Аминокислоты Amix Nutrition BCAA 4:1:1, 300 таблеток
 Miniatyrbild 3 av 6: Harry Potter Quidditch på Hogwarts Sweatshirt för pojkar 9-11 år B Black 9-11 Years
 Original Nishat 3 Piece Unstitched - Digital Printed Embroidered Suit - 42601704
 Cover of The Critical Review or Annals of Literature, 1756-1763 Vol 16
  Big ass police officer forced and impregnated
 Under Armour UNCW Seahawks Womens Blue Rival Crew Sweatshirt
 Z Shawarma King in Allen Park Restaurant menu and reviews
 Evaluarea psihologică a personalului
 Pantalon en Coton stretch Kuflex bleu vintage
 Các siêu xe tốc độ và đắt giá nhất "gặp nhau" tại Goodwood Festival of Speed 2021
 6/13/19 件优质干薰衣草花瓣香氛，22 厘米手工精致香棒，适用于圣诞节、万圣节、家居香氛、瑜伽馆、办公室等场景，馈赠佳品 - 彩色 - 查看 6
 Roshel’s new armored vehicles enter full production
■ ■ ■ ■
- **ACTION ITEM**
Scan the entries above for the string "Sweatshirt" and copy each line containing it.

- **ANSWER TO THIS TASK**
 Miniatyrbild 3 av 6: Harry Potter Quidditch på Hogwarts Sweatshirt för pojkar 9-11 år B Black 9-11 Years
 Under Armour UNCW Seahawks Womens Blue Rival Crew Sweatshirt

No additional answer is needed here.